Question

Arrange the following in the decreasing order of their reducing character.
$HF,{\text{ }}HCl,{\text{ }}HBr,{\text{ }}HI$

Answer 1

Hint : We must know that the reducing character is the tendency of an atom to donate an electron. The easier it is for an atom the more reducing character it has.

Complete step by step solution :
Let’s start with basic understanding of reducing character, it is the tendency of an element to donate hydrogen atom or to accept oxygen atom. To be clearer it is the tendency of a species to donate electrons during a redox reaction. The donation of this electron leads to the generation of positive charge on the species and the species with reducing character oxidizes itself reducing the other species.
In the periodic table, As we move down the group the distance of the valence shell form the nuclei increases, as the distance increases the forces between the two weaken, due to the weakening of forces the electron and nuclei are not strongly bonded so it is easy for the atom to lose an electron.

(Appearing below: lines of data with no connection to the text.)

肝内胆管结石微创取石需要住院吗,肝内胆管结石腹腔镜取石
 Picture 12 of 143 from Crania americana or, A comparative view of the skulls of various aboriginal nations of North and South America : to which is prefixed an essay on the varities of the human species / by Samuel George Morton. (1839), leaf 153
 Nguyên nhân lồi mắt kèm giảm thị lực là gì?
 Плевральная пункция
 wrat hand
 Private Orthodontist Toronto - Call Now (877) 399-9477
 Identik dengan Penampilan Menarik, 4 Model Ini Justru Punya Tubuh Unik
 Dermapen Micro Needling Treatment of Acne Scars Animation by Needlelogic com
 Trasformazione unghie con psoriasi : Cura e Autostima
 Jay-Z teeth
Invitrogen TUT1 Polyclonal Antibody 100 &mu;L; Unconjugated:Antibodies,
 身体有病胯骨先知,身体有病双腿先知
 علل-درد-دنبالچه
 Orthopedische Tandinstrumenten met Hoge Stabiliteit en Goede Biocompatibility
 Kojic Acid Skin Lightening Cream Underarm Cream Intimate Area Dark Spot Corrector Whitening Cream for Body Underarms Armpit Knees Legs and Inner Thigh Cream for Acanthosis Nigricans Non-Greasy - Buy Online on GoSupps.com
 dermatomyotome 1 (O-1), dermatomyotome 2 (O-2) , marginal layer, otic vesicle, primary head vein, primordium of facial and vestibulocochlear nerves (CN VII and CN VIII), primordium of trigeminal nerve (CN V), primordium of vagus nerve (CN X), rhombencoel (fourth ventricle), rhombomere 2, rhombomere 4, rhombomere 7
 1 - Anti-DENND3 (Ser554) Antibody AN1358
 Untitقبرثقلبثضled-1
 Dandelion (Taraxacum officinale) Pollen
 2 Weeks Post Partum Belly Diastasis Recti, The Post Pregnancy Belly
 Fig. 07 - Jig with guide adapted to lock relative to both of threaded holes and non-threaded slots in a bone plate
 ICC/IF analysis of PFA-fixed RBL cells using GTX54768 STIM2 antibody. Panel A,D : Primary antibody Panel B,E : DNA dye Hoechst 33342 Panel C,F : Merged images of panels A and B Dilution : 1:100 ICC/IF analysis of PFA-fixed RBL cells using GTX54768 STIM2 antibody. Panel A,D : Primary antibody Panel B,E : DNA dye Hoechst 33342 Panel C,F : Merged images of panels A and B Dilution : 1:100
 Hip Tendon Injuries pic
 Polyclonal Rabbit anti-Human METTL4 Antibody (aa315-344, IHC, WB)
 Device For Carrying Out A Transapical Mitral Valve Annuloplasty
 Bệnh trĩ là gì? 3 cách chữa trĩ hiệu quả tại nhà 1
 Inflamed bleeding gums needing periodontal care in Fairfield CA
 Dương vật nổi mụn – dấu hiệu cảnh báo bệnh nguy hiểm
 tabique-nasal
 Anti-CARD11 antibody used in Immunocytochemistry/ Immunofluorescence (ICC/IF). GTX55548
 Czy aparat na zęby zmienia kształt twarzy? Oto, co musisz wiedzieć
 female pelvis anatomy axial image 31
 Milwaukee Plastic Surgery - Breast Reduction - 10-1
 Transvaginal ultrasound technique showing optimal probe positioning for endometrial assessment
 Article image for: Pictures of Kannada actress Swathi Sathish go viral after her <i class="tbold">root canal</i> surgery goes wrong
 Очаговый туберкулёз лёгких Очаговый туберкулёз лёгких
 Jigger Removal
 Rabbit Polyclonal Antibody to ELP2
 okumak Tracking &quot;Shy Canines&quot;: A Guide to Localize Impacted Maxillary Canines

Such behaviour shows that as we move down the group the reducing characteristic of elements increases.
So, in the question we are given $HF,{\text{ }}HCl,{\text{ }}HBr,{\text{ }}HI$ out of these the fluorine (F) is present in 2nd period, Chlorine present in 3rd period, Bromine present in 4th period and Iodine present in 5th period. So $HI$will have the highest reducing characteristic followed by$\;HBr,{\text{ }}HCl{\text{ }}and{\text{ }}HF$. $HF$is having the least reducing characteristic due to its compact size.
So, the answer will be$HI > HBr > HCl > HF$.

Note : We must understand that the main reason behind the corrosion of metals is the reduction and oxidation reactions. Corrosion requires an anode and cathode, anode being the element which acts as a reducing agent and cathode is the element which acts as oxidizing agent. Whenever oxidative potential difference is generated the anode starts oxidizing and hence it corrodes.